I have about 60 pairs of binary values. The first elements of the pairs form one set ("set A"), and the second elements of the pairs form a second set ("set B"). Each pair is associated with a number. To illustrate (with the binary values indicated as - or +):
| number ($n$) | set A | set B |
|---|---|---|
| 1e1 | - |
- |
| 1e1 | - |
- |
| 4e1 | - |
- |
| 1e2 | - |
- |
| 2e2 | - |
+ |
| 1e3 | + |
- |
| 2e3 | + |
+ |
| 5e3 | + |
+ |
| 1e4 | + |
+ |
| 3e4 | + |
+ |
Note the binary values tend to be - when the number is small and + where the number is big. This is because the probability of being + increases with the number. We imagine that there are (unknown) functions $p_A(n)$ and $p_B(n)$ that, given a number $n_i$, return the probability of a value being +; set A is sampled from the probability distribution output by $p_A(n)$, given a set $n$ of numbers $n_i$. So for example suppose $p_A(1e1)=0.001$; we wouldn't be surprised to see a - for $n_i=1e1$. (Apologies if the notation is non-standard.)

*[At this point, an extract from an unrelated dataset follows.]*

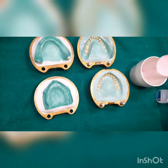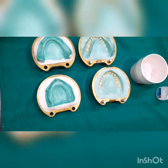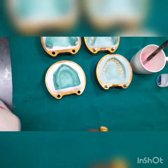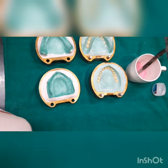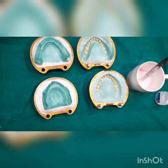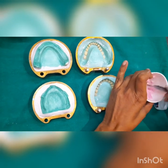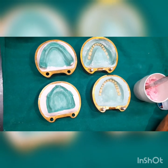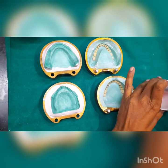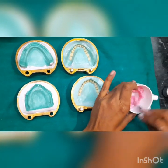Sift the polymer into the monomer like this. We are going to add a little more polymer. If you feel there is less monomer, you can always add more, because the mix should have a proper polymer-to-monomer ratio.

I would like to test the null hypothesis that set A and set B are drawn from the same overall distribution. The interaction with $n$ is what's confusing me. I think my question is the same as asking whether $p_A(n)=p_B(n)$, but don't know how to test that null hypothesis, either. I feel there must be some reasonably well known, probably eponymous test for this, but couldn't find what it could be. I'd prefer to use such a test, than re-invent the wheel. Does anyone know? Do you have one or more references?
Specifically, I would like to avoid, e.g., logit fits and KS of the logit fits, because of propagation of errors of the fit parameters (though if someone here tells me, "no, that's absolutely the standard way to do it and here's a reference!, I'm happy to reconsider.)
Help is appreciated---thanks!